Stuck in "Running supervisor update"

Hi,

I attempted to update the OS on my Raspberry Pis yesterday. 2 of them updated happily, the 3rd seems to have got stuck on the “running supervisor update” stage of the the process, as it hasn’t progressed even ~ 20 hours later. It’s device https://dashboard.resin.io/devices/63369c9d6d143b2567b2118b58e3f294/summary and I’ve enabled support access.

Many thanks

Phil

Hi @pjb304,

We’re not able to access the host OS of the device, but if you’re able to physically restart the device, it should come back up with the new OS installed and then update the Supervisor.

Could you let us know if that doesn’t happen, and we’ll take another look.

Best regards, Heds

Hi @hedss,

Thanks for the response. I’ve just tried power cycling the device and nothing has changed - it’s still stuck at “Running supervisor update”.

I’ve re-enabled support access for you.
Thanks
Phil

Hi, please just power cycle it once, the supervisor has to recover after reboot, so it can pull the update and check in with the resin backend well. Then the status will be updated, in the meantime it will still show the last status message, as you mentioned.

For the time being, are you manually rebooting it? If so, no need further, the device should be loading the new OS, just need to sort itself out. We are taking a look.

If you are not rebooting, just let us know, we are checking why the device is in an apparent reboot-cycle. Thanks!

Hi,

I haven’t touched the power for it since before just before I replied 25 minutes ago, so it’s doing it of its own accord.

Thanks

Hi @pjb304 we see the device is continuously rebooting, any idea why that might happen? As much as we can tell, the device is starting the correct, new OS, but after less than 1 minute it seems to hard reboot. So far we don’t see any obvious reason for that to happen, so any context would be helpful troubleshooting this.
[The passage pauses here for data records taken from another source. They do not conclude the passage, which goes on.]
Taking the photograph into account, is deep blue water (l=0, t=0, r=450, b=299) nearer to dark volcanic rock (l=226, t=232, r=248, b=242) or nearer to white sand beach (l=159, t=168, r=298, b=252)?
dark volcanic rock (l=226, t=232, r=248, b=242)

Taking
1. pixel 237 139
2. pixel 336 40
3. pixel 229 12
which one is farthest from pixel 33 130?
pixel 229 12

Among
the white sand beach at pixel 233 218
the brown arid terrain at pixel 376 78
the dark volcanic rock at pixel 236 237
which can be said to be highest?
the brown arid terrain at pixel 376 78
I see, okey, we keep checking.

The device in question is powered using PoE and is sat on the roof of a building. As far as I’m aware the power supply to it is stable. As far as I know it was fine until I applied the update. If there’s nothing obvious causing it then it sounds like I need to go up (thankfully not too much of a headache to do) and see if I can observe anything that’s causing the reboots. If I don’t see anything obvious then I guess I’ll swap out the SD card and see if that improves matters.

Thanks for the help.

Hi, it all sounds okay, thanks for the extra context!

We managed to log in, and stopping the application container it stopped rebooting. Checked the device’s status, and it seems to be recovered fine. In the testing we had to remove the application image from the device, that’s why it is downloading now once again. (To be clear, in a normal update the application does not need to be redownloaded)
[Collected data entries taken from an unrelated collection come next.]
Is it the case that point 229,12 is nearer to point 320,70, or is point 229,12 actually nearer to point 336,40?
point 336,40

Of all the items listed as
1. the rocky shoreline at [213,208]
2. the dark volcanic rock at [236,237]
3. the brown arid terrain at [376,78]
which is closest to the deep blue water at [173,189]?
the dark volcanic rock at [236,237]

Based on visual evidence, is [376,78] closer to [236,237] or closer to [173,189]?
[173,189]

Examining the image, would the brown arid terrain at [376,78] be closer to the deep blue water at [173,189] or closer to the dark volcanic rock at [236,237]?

As much as I can tell from the log, it stopped midway the supervisor update, so it looks like the device hung in some way. That’s not something we’ve seen before. The reboot cycle seems to be connected to the application somehow, as stopping it the cycle stopped.
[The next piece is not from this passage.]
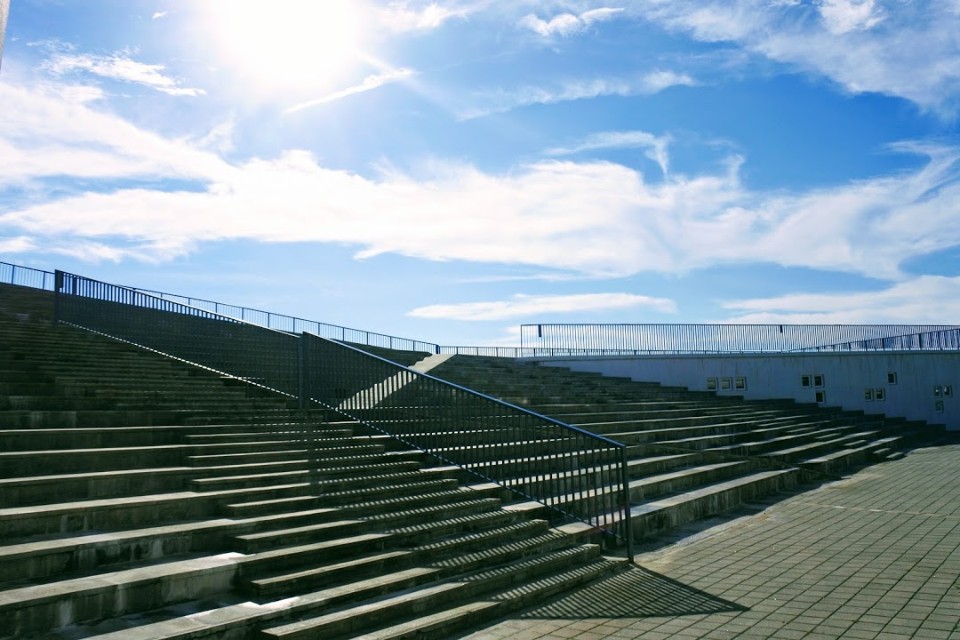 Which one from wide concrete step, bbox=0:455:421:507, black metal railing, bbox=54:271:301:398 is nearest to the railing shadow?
wide concrete step, bbox=0:455:421:507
In general we’d not expect such issues to happen in the future.

One more note: looking at the kernel logs just now, while making sure the device is running fine, I start to see some lines like this:

Aug 10 15:03:30 63369c9 kernel: Under-voltage detected! (0x00050005)
Aug 10 15:03:36 63369c9 kernel: Voltage normalised (0x00000000)

So likely it is indeed some power related issue, at least in part.

Both comments are very interesting. The device is a LoRaWAN gateway so the application interacts with hardware on top, so if for somereason the supervisor update stops the hardware being mapped through then the application might crash out.

Thanks for pointing out the undervoltages. It looks like I’ll need to dig into this in more detail.

Many thanks for your help with this

One last (for this time) update, @pjb304, the device is up and running now, and seems to be working properly.

Good points about the hardware interaction. We are a big fan of LoRA, and then the roof makes perfect sense :slight_smile:

Please don’t hesitate to let us know if you have any further issues with this device, or questions in general!